There is already code to extract the part of the name beyond the prefix to check for excludes. So, I just used this excludePath variable to do the check for the initial slash. Then I added some if logic around the code that calls S3Node.new or recurses into s3TreeRecurse again (depending on the item type) to skip these calls when the prefix doesn't align with a directory boundary. There's probably a more elegant way to do what I did, but for a quick test this seems to work.
The following patch shows my implementation:
--- s3sync.rb 2008-01-06 10:25:55.000000000 -0500
+++ s3sync.rb.mod 2008-04-03 17:08:51.000000000 -0400
@@ -314,22 +314,30 @@
if not (item.kind_of? String)
# this is an item
excludePath = item.name.slice($S3SyncOriginalS3Prefix.length...item.name.length)
- if $S3SyncExclude and $S3SyncExclude.match(excludePath)
- debug("skipping S3 item #{excludePath} due to --exclude")
+ if !excludePath.empty? && excludePath[0,1] != '/'
+ debug("file not on directory boundary. skipped")
else
- debug("S3 item #{item.name}")
- g.yield(S3Node.new(bucket, prefix, item))
+ if $S3SyncExclude and $S3SyncExclude.match(excludePath)
+ debug("skipping S3 item #{excludePath} due to --exclude")
+ else
+ debug("S3 item #{item.name}")
+ g.yield(S3Node.new(bucket, prefix, item))
+ end
end
else
# it's a prefix (i.e. there are sub keys)
partialPath = item.slice(prefix.length..item.length) # will have trailing slash
excludePath = item.slice($S3SyncOriginalS3Prefix.length...item.length)
- # recurse
- if $S3SyncExclude and $S3SyncExclude.match(excludePath)
- debug("skipping prefix #{excludePath} due to --exclude")
+ if !excludePath.empty? && excludePath[0,1] != '/'
+ debug("file not on directory boundary. skipped")
else
- debug("prefix found: #{partialPath}")
- s3TreeRecurse(g, bucket, prefix, partialPath) if $S3syncOptions['--recursive']
+ # recurse
+ if $S3SyncExclude and $S3SyncExclude.match(excludePath)

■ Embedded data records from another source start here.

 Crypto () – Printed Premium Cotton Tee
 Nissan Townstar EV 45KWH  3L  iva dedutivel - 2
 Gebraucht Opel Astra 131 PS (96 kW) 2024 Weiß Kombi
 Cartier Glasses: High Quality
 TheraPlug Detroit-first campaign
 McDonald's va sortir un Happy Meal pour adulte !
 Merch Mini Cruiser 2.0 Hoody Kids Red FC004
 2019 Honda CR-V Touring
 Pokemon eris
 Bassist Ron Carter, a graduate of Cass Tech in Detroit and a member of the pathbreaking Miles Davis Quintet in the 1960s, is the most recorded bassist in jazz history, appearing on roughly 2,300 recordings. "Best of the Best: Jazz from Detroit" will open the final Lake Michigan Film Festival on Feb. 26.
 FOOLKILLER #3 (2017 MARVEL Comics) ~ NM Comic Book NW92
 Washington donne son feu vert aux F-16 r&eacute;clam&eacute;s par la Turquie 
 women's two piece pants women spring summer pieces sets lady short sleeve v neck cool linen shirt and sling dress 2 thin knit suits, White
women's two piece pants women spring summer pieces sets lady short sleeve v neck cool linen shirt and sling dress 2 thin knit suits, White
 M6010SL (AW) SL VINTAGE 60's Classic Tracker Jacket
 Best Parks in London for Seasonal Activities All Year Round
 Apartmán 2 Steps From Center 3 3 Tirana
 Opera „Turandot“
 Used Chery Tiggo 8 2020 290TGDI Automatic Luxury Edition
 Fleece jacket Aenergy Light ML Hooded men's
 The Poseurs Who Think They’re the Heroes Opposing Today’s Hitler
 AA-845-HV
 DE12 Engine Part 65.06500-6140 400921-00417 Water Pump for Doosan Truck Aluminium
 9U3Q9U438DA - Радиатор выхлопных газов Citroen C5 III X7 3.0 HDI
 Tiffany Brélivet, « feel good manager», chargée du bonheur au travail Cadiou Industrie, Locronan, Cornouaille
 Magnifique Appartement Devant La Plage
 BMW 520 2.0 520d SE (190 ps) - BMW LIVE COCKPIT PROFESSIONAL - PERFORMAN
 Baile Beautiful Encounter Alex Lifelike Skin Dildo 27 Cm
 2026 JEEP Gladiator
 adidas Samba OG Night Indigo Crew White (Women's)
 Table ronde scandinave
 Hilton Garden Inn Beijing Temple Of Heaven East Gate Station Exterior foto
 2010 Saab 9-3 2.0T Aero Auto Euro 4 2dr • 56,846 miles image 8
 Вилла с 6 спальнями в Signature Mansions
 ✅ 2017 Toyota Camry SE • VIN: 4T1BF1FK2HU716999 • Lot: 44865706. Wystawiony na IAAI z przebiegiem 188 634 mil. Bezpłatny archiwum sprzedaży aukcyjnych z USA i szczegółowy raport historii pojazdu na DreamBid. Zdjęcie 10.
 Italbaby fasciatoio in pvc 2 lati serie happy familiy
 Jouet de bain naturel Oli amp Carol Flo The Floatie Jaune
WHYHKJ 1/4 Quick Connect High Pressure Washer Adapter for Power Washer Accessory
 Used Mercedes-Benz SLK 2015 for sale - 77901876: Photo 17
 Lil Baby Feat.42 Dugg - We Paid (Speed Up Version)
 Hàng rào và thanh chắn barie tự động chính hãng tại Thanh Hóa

+ debug("skipping prefix #{excludePath} due to --exclude")
+ else
+ debug("prefix found: #{partialPath}")
+ s3TreeRecurse(g, bucket, prefix, partialPath) if $S3syncOptions['--recursive']
+ end
end
end
end
This appears to fix the problem that I'm seeing. Someone who knows the code should check this carefully to make sure that it doesn't mess up anything else.
Thoughts?
Rob